A Feasibility Study of the Implementation of CD ROM Databases in Secondary School Library Media Centers

Date of Award

1987

Document Type

Dissertation

Degree Name

Doctor of Arts (DA)

Department

Center for Computer-Based Learning

Advisor

John A. Scigliano

Committee Member

Marlyn Kemper Littman

Committee Member

Gerald E. Sroure

Abstract

School library media centers have traditionally provided students and teachers with information resources in two formats: print materials, including books, periodicals and microforms; and audiovisual materials including film, television and audio devices. Recent technological advances and the changing nature of information/publishing industries now suggest it might be desirable for school library media centers to provide information resources in an electronic format including computer, compact disc, and/or video disc databases. This paper examines the feasibility of introducing a site-specific periodical literature CD ROM database into the secondary school library media center in three ways: an attitude survey, a queuing analysis and a cost analysis.

Four secondary schools in the Dade County Public School system were selected to receive a CD ROM database on a trial basis. A posttest only, equivalent-groups AB design was used to measure students' confidence in their abilities to locate periodical literature, the student’s perceptions of the level of difficulty in the task and the availability of such literature in the school library media center, and student satisfaction with the school library media center and its collection.

The study also applied standard quantitative techniques, i.e. queuing models and simulation, to the use of the traditional print periodical index and a CD ROM periodical index. To develop a queuing model, at the index table and the service or search times were needed. Service times were based on 1088 observations of students using The Readers guide to Periodical Literature and INFOTRAC II, a CD. ROM database. Arrival rates were based on two typical school library media center patron access patterns--a "worst" case and a "best" case scenario .Using this information, two models were constructed. Each model was run twice, once for The Readers Guide to Periodical Literature and once for INFOTRAC II.
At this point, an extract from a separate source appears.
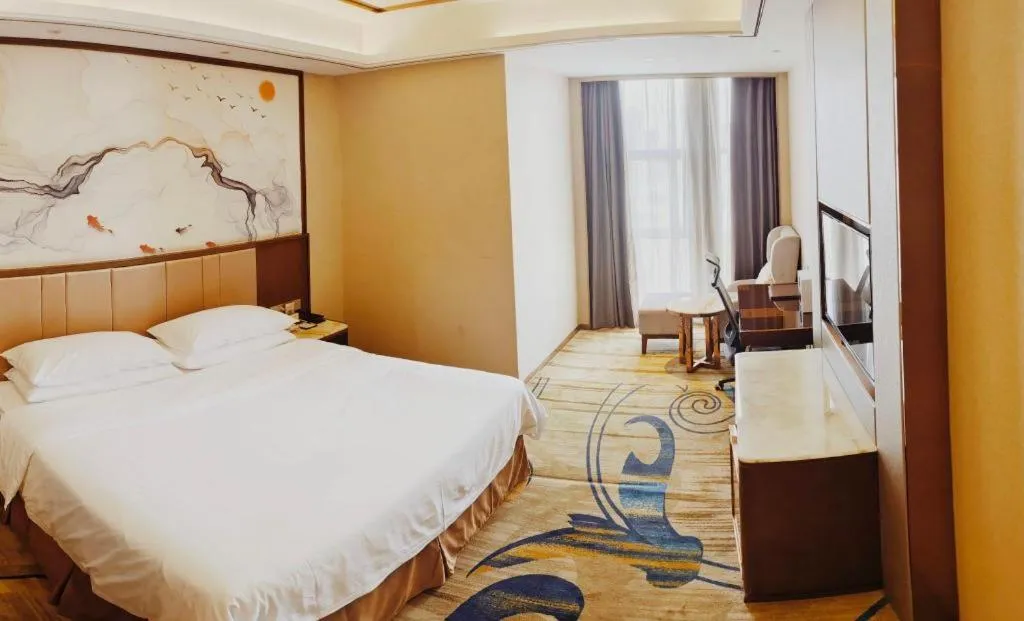 Bed in Venus Royal Hotel Nanning East High-Speed Railway Station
The cost analysis included such components as the school discretionary budget and district funding for media specialist salaries. School discretionary expenditures included initial start-up costs for hardware and recurring costs for subscription and supplies. Media specialist salary costs to the district calculated based on the time used and the for instruction in periodical research and intervention and help in student searches.

The attitude survey showed that in every area tested, INFOTRAC II users had a more positive attitude toward periodical research and the school library media center than did Readers Guide users. The search data gathered for the queuing analysis were of itself significant. Student’s using The Readers Guide to Periodical Literature took an average of 13.68 minutes to complete a search. INFOTRAC II users needed only 5.4 minutes. The queuing analyses showed that a single CD ROM terminal, when compared to a seven volume READER-S GUIDE, makes a poorly planned media center activity worse, and a well-planned media center activity better.

The financial impact of the CD ROM database is felt most by the school-site discretionary budget. Annual subscription costs for CD ROM products are significantly higher than print indexes. Data collected indicated that the CD ROM index, INFOTRAC II, required little or no instruction by media specialists, while formal instruction in the use of The Readers Guide to Periodical Literature Ranged from 15 to 180 minutes per class. At the same time, daily logs showed that Readers Guide users required an average of 46 minutes a day of professional help, while INFOTRAC II users needed only 15 minutes a day. When costs of instruction and intervention by media specialists are included, the more expensive CD ROM product becomes highly competitive to the print index. In conclusion, secondary schools that place a high priority on expanding student’s perceptions of how to access information and creating enthusiasm for independent investigations should consider CD ROM databases. In addition, the CD ROM database offers a vehicle for providing computer usage experiences for the entire student body. Careful evaluation should be given to the issues of equitable access, availability of cited sources, library media center management chores and individual school collection development goals when making a Selection.